From the listing below, please restate exactly the lines beginning at the one with "Grijs Gebruikt 2017" and ending at the one with "Álvaro Morata y", both included, and skip the pictures.
Information shown Start Marker
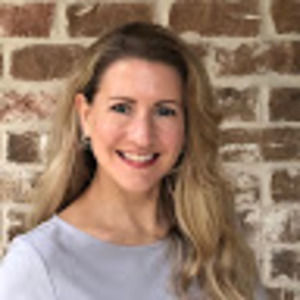 Meet your Posher, Julie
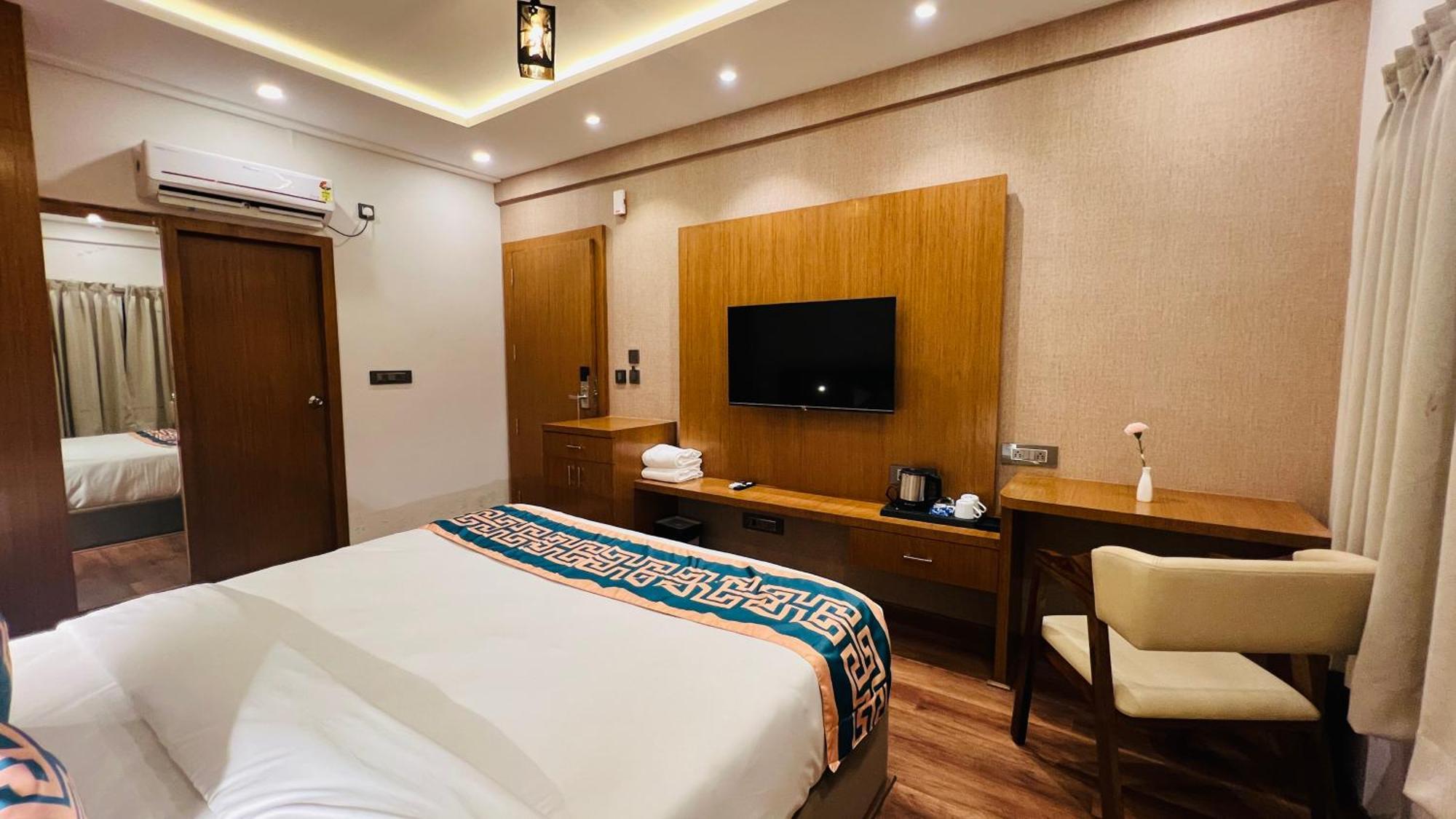 Hotel Aashraya Dod Jala Exteriér fotografie
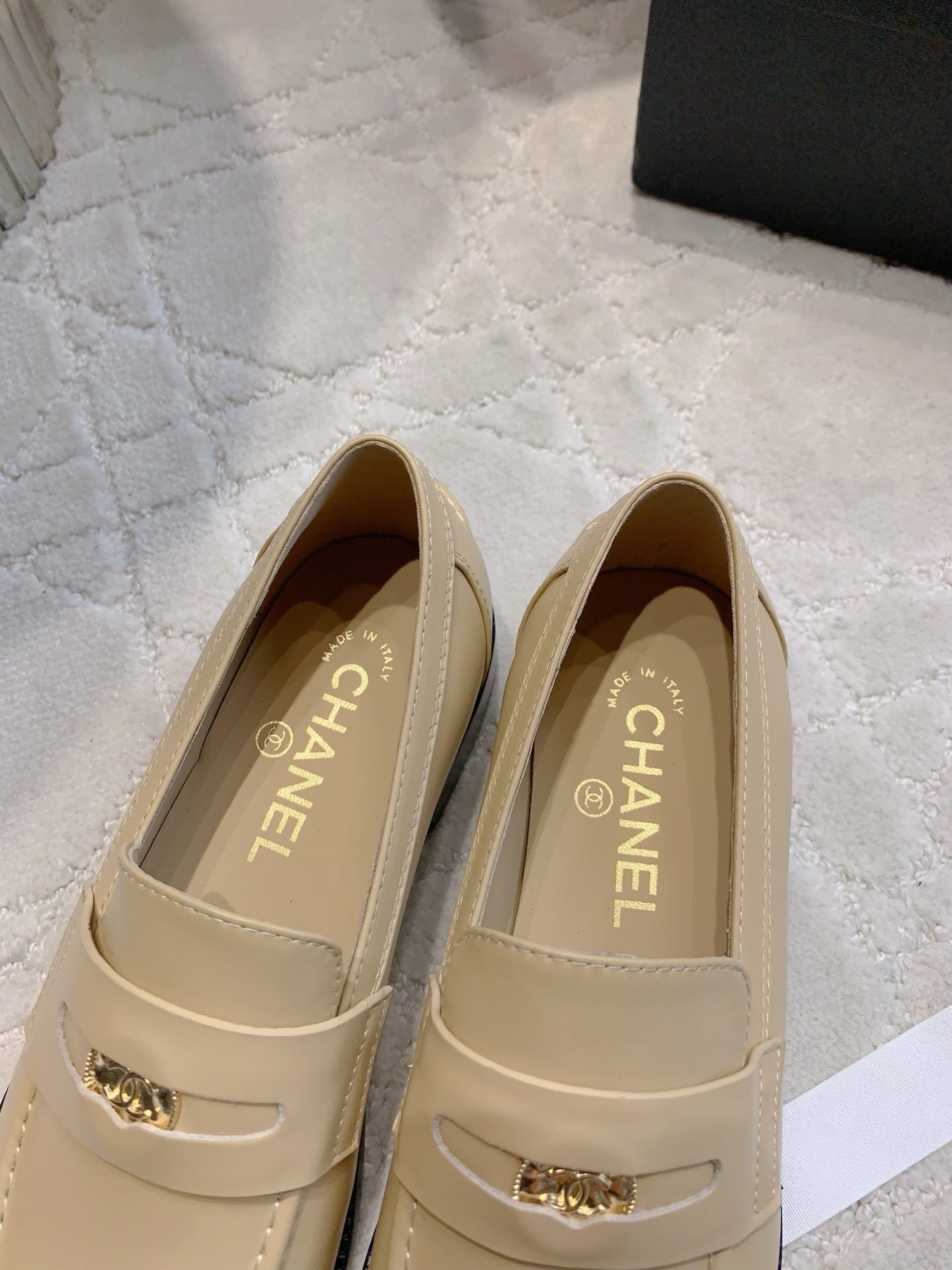 CHANEL 25S MOCCASINS IN BEIGE CALFSKIN GOLD HARDWARE - 35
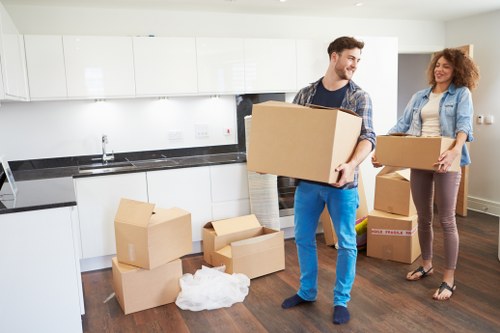 Organised storage unit suitable for temporary storage needs in Shepherdsbush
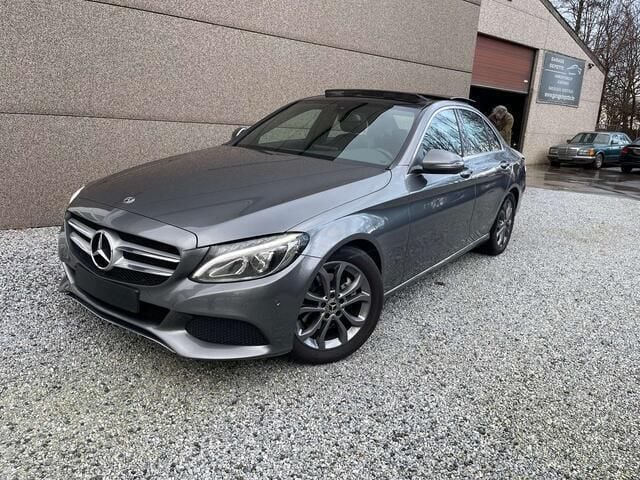 Grijs Gebruikt 2017 Mercedes 200 Sedan | € 17.490 (Eerlijke prijs) - Afbeelding 1/4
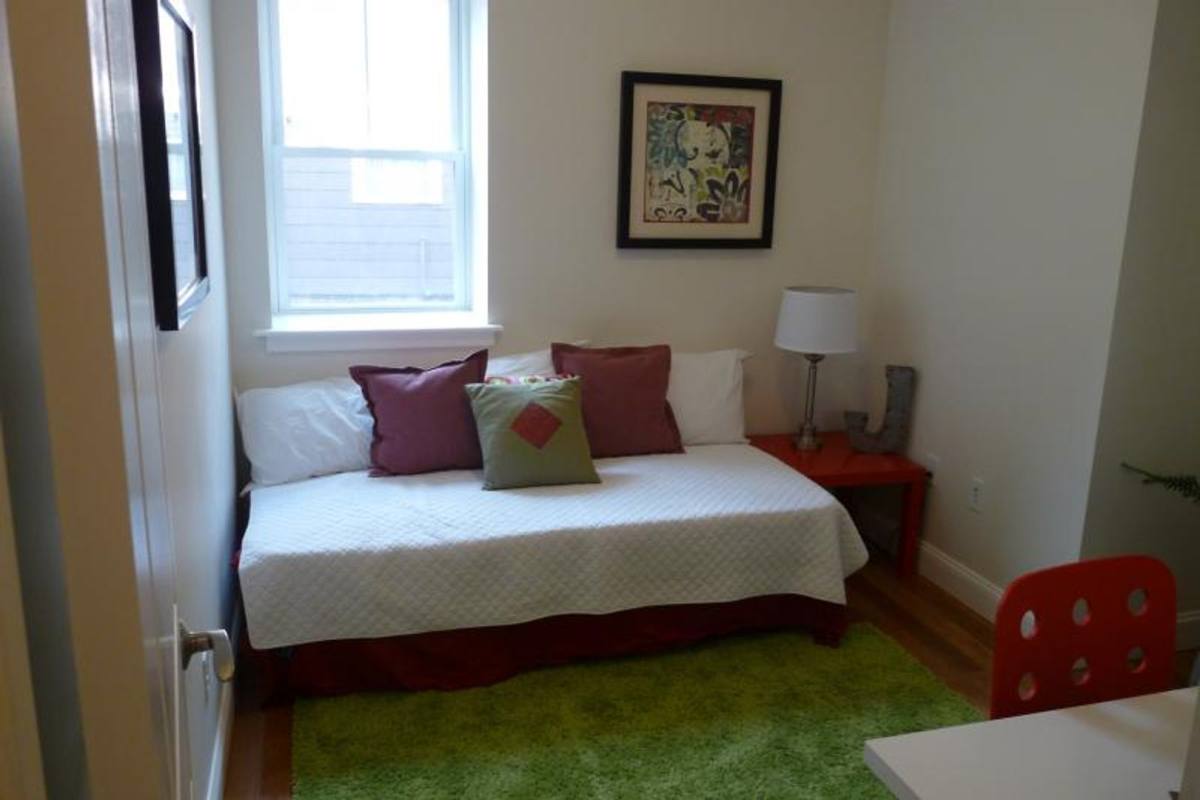 Apartment for rent at 52 Kent St #A3, Brookline, MA 02445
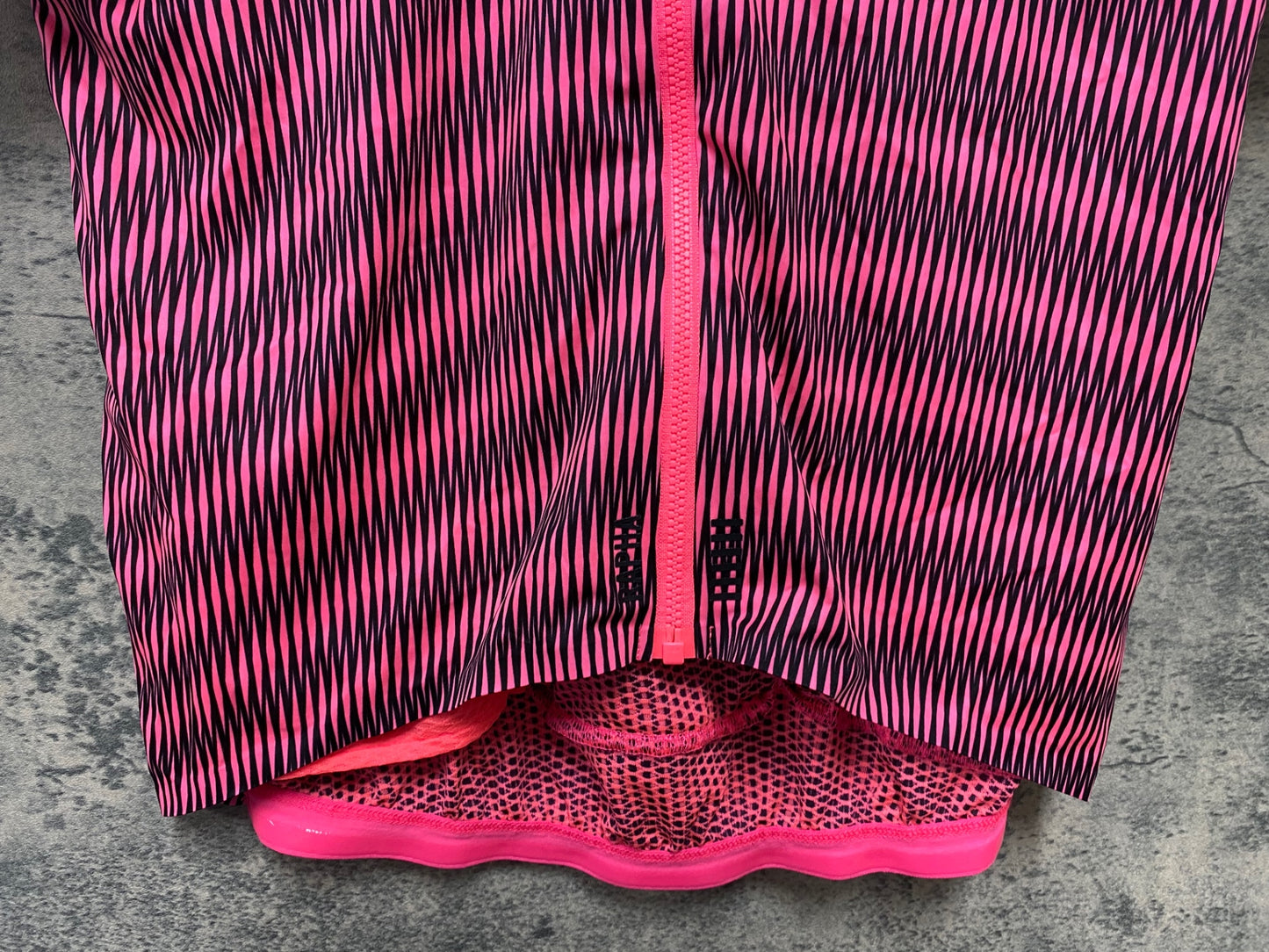 JD383 ラファ Rapha PRO TEAM FLY WEIGHT JERSEY 半袖 サイクルジャージ 黒 ピンク L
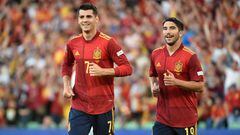Álvaro Morata y Carlos Soler celebran el gol del delantero a Portugal.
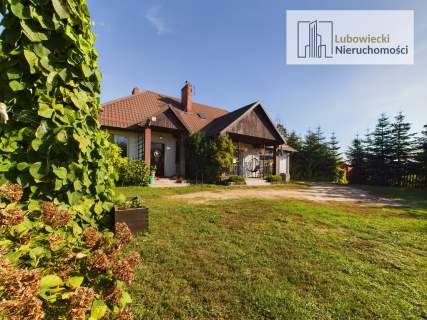Dom parterowy w Nowych Kiejkutach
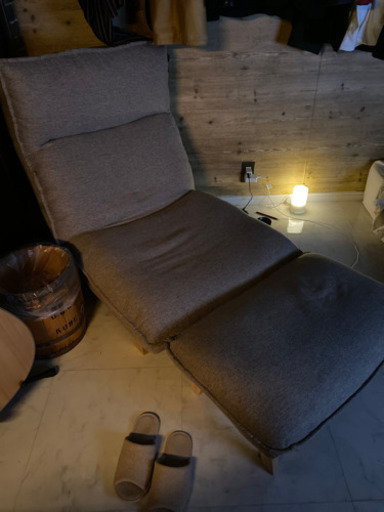 一人がけソファ　ベージュ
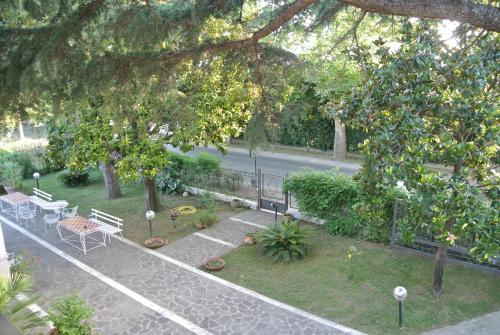 an overhead view of a park with benches and trees at Villa Nicodemo in Paestum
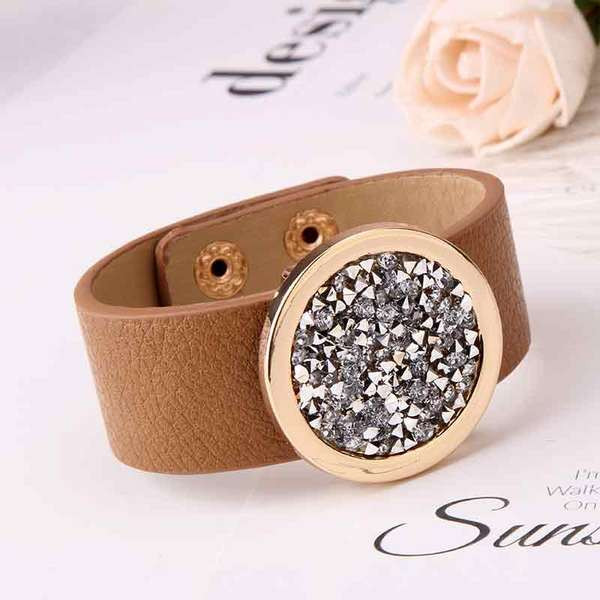 Női modern karkötő három színben kövekkel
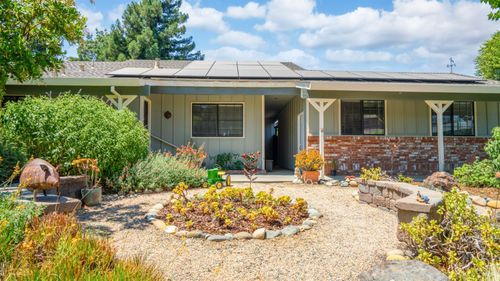 945 Monique Way, Dixon, CA, 95620-2012 | Card Image
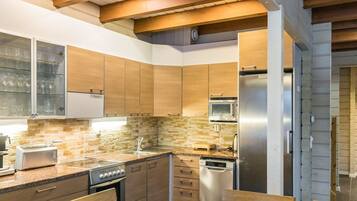 Fridge, microwave, dishwasher, cookware/dishes/utensils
Information shown End Marker
→ Solution for this problem:
 Grijs Gebruikt 2017 Mercedes 200 Sedan | € 17.490 (Eerlijke prijs) - Afbeelding 1/4
 Apartment for rent at 52 Kent St #A3, Brookline, MA 02445
 JD383 ラファ Rapha PRO TEAM FLY WEIGHT JERSEY 半袖 サイクルジャージ 黒 ピンク L
Álvaro Morata y Carlos Soler celebran el gol del delantero a Portugal.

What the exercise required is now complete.